Actress Hye-ja Kim does a great job presenting her character's wide emotional range; from her quiet, mousy submissiveness when at rest to her horrified panics when agitated. Director Bong and cinematographer Hong Kyung-pyo complement Kim's performance with visually evocative moments - when we see Mother trudging to investigate Jin-tae's home, the enormity of her quest is implied in a vast landscape shot:

Mother is the tiny speck about two-thirds across the image.

In contrast, Mother's panic attacks are framed in tight, overwhelming close-up; and with the unstable sway of a handheld camera.

Mother is faced with many obstacles. The disaffected cops consider Do-joon an open-and-shut case. Further, the distinguished lawyer that Mother secures is also uninterested in her plight. When Mother implores her son to remember anything he can from the night of the murder, he can only recall tangential information about the earlier country club incident.

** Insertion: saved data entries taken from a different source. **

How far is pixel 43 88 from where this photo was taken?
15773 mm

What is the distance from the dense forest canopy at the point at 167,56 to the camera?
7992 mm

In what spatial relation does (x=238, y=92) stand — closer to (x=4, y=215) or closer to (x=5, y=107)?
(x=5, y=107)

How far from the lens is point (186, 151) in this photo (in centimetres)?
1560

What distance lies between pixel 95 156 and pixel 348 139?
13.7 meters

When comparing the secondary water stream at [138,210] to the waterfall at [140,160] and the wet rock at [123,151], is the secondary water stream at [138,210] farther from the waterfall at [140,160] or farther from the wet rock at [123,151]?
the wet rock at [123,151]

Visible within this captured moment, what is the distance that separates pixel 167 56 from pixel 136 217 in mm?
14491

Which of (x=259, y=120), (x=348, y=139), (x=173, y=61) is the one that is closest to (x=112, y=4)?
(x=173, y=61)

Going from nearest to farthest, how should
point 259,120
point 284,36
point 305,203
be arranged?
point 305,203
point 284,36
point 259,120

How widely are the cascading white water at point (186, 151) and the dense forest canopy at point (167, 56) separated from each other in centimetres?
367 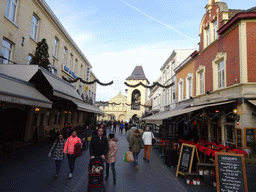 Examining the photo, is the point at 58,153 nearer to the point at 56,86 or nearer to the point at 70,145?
the point at 70,145

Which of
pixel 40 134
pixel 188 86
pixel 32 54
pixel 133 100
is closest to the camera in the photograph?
pixel 40 134

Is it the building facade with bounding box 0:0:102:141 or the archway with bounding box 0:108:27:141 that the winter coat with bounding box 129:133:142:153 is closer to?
the building facade with bounding box 0:0:102:141

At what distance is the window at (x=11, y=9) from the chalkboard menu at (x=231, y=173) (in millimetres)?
13662

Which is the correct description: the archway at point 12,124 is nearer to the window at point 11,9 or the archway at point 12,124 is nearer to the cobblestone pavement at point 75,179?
the cobblestone pavement at point 75,179

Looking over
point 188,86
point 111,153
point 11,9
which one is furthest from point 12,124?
point 188,86

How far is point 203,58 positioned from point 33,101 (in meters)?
10.8

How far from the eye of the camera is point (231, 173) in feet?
15.1

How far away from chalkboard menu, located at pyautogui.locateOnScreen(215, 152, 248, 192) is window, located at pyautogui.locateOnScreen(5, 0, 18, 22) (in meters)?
13.7

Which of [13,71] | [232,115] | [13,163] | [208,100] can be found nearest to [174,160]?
[232,115]

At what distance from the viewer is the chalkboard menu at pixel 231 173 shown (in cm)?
448

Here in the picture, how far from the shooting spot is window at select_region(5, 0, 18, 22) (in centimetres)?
1104

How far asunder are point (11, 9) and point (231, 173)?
14508mm

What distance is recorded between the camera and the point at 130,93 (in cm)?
5462

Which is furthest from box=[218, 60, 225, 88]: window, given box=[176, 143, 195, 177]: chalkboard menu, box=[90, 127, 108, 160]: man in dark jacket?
box=[90, 127, 108, 160]: man in dark jacket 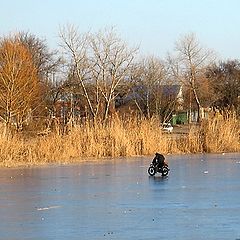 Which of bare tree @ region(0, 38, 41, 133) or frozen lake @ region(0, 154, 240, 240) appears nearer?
frozen lake @ region(0, 154, 240, 240)

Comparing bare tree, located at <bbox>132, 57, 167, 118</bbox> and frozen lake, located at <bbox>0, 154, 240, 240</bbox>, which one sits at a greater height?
bare tree, located at <bbox>132, 57, 167, 118</bbox>

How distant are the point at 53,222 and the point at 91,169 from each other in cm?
1223

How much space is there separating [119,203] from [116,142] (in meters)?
16.2

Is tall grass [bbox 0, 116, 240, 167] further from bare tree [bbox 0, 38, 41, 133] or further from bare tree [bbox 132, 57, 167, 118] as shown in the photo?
bare tree [bbox 132, 57, 167, 118]

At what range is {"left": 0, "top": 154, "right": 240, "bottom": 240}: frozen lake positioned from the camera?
10.8 meters

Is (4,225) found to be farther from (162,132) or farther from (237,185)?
(162,132)

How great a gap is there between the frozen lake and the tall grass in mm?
3774

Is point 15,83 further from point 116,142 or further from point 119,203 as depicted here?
point 119,203

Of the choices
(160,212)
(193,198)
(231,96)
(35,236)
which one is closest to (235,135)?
(193,198)

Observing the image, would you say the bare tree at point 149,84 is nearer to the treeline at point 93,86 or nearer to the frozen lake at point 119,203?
the treeline at point 93,86

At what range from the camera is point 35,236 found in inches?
411

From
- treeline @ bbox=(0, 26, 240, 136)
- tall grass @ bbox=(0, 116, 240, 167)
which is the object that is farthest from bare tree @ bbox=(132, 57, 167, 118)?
tall grass @ bbox=(0, 116, 240, 167)

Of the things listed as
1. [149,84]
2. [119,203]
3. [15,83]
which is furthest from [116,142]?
[149,84]

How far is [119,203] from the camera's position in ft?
47.4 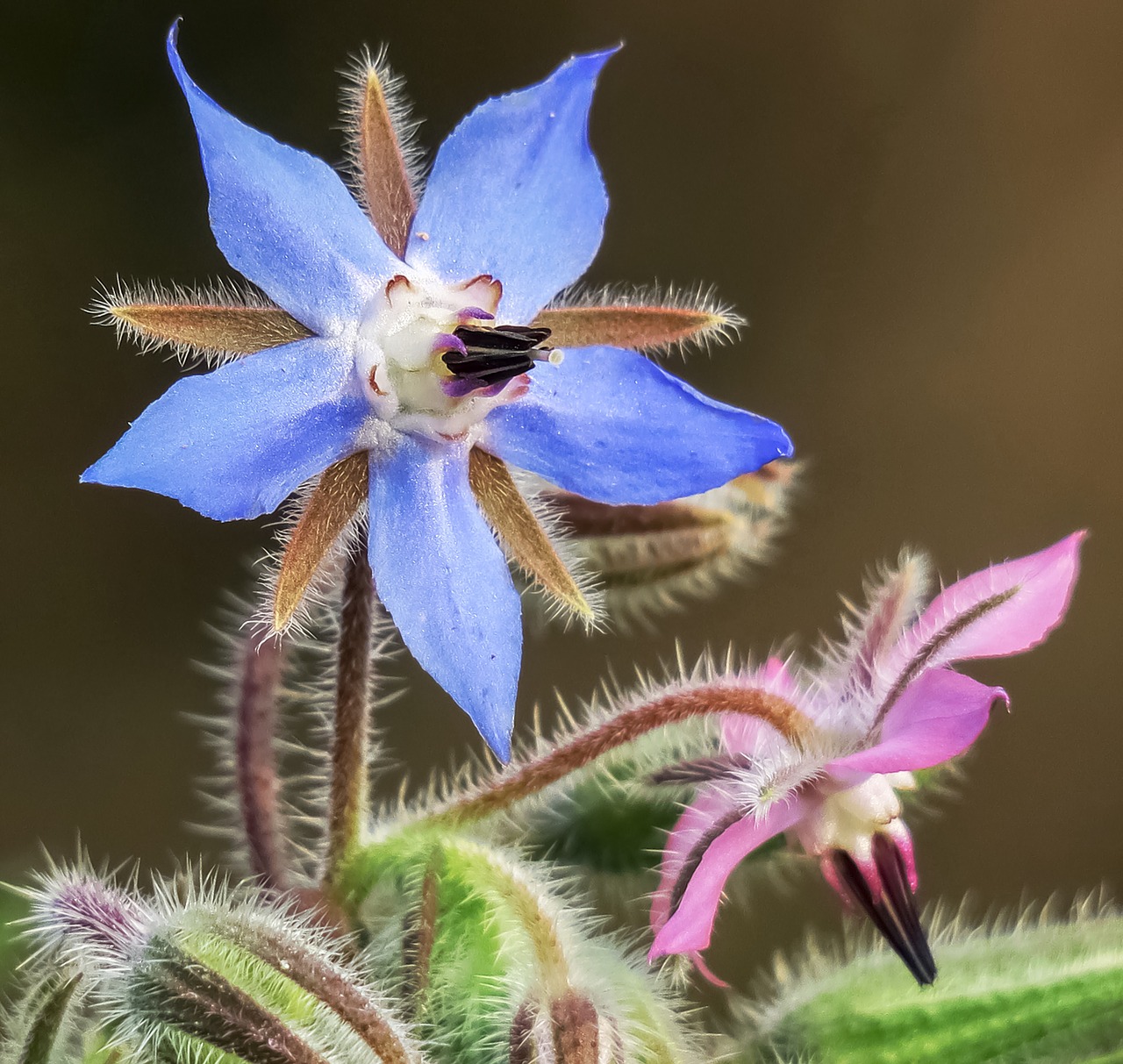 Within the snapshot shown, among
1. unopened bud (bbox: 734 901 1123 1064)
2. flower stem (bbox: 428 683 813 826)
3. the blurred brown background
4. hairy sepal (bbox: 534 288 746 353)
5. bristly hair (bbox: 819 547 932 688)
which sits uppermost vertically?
the blurred brown background

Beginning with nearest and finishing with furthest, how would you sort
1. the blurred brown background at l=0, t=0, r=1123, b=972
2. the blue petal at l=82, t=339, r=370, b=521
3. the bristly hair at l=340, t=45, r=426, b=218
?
the blue petal at l=82, t=339, r=370, b=521, the bristly hair at l=340, t=45, r=426, b=218, the blurred brown background at l=0, t=0, r=1123, b=972

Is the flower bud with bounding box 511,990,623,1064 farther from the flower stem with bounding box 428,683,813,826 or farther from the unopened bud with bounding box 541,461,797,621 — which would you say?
the unopened bud with bounding box 541,461,797,621

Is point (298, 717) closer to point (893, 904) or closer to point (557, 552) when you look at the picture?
point (557, 552)

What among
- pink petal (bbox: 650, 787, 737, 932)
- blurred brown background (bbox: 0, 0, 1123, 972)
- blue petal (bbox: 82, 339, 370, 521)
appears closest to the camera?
blue petal (bbox: 82, 339, 370, 521)

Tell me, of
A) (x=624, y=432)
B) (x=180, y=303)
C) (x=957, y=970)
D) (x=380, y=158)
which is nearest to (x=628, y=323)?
(x=624, y=432)

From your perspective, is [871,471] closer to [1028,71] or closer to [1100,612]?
[1100,612]

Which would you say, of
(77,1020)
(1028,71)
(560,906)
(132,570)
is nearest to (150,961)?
(77,1020)

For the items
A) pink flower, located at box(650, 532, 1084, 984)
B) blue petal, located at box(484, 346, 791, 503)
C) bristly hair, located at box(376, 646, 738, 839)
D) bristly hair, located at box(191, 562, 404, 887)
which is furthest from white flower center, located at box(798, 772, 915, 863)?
bristly hair, located at box(191, 562, 404, 887)

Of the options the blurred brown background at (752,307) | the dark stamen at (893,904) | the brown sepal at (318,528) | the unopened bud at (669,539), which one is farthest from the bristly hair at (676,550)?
the blurred brown background at (752,307) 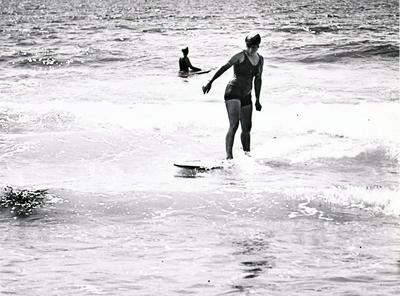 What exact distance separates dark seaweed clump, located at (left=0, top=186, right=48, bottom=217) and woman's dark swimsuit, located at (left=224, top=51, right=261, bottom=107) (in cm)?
278

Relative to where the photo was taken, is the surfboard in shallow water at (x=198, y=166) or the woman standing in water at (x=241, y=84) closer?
the woman standing in water at (x=241, y=84)

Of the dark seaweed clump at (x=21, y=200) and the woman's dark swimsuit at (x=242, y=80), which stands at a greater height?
the woman's dark swimsuit at (x=242, y=80)

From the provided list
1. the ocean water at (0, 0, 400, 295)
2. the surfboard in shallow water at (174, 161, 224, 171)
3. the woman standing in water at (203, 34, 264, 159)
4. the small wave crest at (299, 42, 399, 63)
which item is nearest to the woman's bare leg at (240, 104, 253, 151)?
the woman standing in water at (203, 34, 264, 159)

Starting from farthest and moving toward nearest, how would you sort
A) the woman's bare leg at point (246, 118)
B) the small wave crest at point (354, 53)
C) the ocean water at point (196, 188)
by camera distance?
the small wave crest at point (354, 53), the woman's bare leg at point (246, 118), the ocean water at point (196, 188)

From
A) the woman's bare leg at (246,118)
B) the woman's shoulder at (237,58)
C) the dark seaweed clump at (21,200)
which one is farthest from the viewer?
the woman's bare leg at (246,118)

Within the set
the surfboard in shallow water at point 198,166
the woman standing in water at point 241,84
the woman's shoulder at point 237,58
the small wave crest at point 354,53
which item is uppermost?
the woman's shoulder at point 237,58

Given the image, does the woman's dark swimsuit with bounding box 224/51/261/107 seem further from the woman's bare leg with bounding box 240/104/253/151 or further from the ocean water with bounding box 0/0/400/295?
the ocean water with bounding box 0/0/400/295

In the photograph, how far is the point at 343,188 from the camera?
7.88 metres

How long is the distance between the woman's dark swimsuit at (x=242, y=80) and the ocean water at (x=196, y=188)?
960mm

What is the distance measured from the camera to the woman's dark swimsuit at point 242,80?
8.47 meters

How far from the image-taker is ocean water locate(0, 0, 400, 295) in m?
5.23

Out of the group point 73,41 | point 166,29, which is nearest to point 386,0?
point 166,29

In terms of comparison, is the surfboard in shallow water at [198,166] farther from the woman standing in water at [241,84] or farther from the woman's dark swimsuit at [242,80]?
the woman's dark swimsuit at [242,80]

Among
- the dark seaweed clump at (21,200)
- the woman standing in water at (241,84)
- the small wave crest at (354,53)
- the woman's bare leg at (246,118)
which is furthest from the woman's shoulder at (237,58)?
the small wave crest at (354,53) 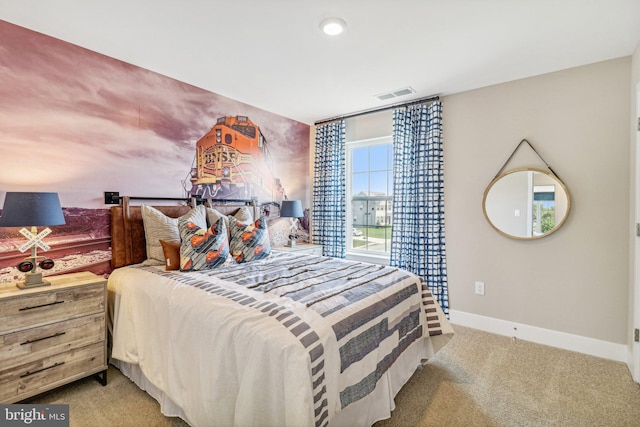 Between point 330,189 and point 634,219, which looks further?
point 330,189

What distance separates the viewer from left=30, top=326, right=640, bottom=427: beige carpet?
1795 millimetres

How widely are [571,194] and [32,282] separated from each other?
418 centimetres

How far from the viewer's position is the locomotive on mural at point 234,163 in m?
3.20

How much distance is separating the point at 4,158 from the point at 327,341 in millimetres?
2457

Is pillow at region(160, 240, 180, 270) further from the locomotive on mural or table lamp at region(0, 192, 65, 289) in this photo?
the locomotive on mural

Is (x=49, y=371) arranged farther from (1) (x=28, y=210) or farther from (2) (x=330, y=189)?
(2) (x=330, y=189)

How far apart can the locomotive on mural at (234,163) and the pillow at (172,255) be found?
35.1 inches

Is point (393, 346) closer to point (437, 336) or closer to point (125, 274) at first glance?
point (437, 336)

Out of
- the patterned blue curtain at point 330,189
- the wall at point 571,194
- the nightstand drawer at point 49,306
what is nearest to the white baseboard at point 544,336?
the wall at point 571,194

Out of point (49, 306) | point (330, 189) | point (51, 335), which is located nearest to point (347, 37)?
point (330, 189)

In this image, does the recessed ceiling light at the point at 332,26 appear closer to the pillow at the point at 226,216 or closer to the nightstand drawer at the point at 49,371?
the pillow at the point at 226,216

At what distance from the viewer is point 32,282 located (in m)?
1.93

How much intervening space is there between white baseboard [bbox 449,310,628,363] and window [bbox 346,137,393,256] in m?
1.23

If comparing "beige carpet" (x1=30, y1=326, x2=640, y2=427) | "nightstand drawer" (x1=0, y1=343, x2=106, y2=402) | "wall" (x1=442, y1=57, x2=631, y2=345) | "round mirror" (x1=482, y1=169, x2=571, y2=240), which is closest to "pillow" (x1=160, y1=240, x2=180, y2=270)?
"nightstand drawer" (x1=0, y1=343, x2=106, y2=402) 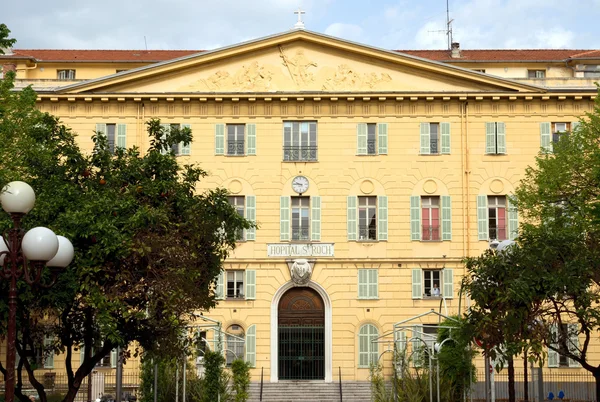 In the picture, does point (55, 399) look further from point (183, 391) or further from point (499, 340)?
point (499, 340)

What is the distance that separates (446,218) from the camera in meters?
45.3

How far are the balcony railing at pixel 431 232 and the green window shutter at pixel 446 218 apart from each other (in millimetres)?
312

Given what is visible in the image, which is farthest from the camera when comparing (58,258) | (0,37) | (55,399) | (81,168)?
(55,399)

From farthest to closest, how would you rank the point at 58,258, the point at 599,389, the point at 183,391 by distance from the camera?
the point at 183,391
the point at 599,389
the point at 58,258

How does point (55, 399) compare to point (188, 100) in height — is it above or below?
below

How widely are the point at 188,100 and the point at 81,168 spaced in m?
23.2

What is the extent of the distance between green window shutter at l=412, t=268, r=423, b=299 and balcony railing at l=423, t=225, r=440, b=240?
1457 mm

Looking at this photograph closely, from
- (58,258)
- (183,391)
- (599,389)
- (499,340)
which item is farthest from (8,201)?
(183,391)

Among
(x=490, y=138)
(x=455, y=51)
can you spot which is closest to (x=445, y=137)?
(x=490, y=138)

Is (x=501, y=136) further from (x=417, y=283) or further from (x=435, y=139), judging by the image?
(x=417, y=283)

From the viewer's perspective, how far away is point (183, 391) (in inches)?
1305

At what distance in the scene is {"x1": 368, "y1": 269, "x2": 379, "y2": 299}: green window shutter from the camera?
148 feet

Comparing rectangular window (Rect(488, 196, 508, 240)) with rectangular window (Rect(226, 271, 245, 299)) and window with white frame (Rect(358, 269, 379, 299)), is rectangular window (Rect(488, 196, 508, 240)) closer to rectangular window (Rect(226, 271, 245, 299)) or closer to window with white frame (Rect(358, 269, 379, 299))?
window with white frame (Rect(358, 269, 379, 299))

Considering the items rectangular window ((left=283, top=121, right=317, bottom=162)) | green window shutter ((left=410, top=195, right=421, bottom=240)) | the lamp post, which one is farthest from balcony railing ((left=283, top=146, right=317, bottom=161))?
the lamp post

Typically, the detective in a detective story has a lot of skill, experience, and police resources at his disposal. Here in Mother, Mother has both a desperate goal and hopeless odds. I was riveted, and had no clue what would happen next. How will she save Do-joon? I wondered. Can she save him? Where will her first lead come from? How will her frantically worried psyche figure into the story?

I'm glad to report that the rest of Mother (scripted by Park Eun-kyo and director Bong) delivers on the promise of its strange premise with a plot of moral ambiguity and compelling noir-ish twists.

SPOILER ALERT: Even though I won't give anything away beyond the first half of the film, I'll leave a gap here so that any spoiler-averse readers won't risk reading my next bit by accident.

Do-joon tells Mother that on the night of the murder he intended to meet Jin-tae at a bar, but Jin-tae never showed up. Also, despite Jin-tae being Do-joon's only friend, he hasn't come to prison for a visit. Mother also learns that Jin-tae knew about the incriminating golf balls.

Mother sneaks into Jin-tae's house and removes what appears to be a bloody golf club. She has Jin-tae arrested, but the police find that the red mark is just lipstick. Jin-tae confronts Mother at her home: 'I feel so fucking betrayed. How could you do this to me, bitch?' Then he demands that she pay him a settlement that she can't afford.

Then, just when Mother's 'rotten little scoundrel' opinion of him seems to be completely verified, Jin-tae softens a little: 'Wait. By the way, that dead girl, Moon Ah-jung...there are only three motives for murder: Money, passion, and vengeance...That poor kid living on the hill, what kind of money could she have? So it must be either passion or vengeance.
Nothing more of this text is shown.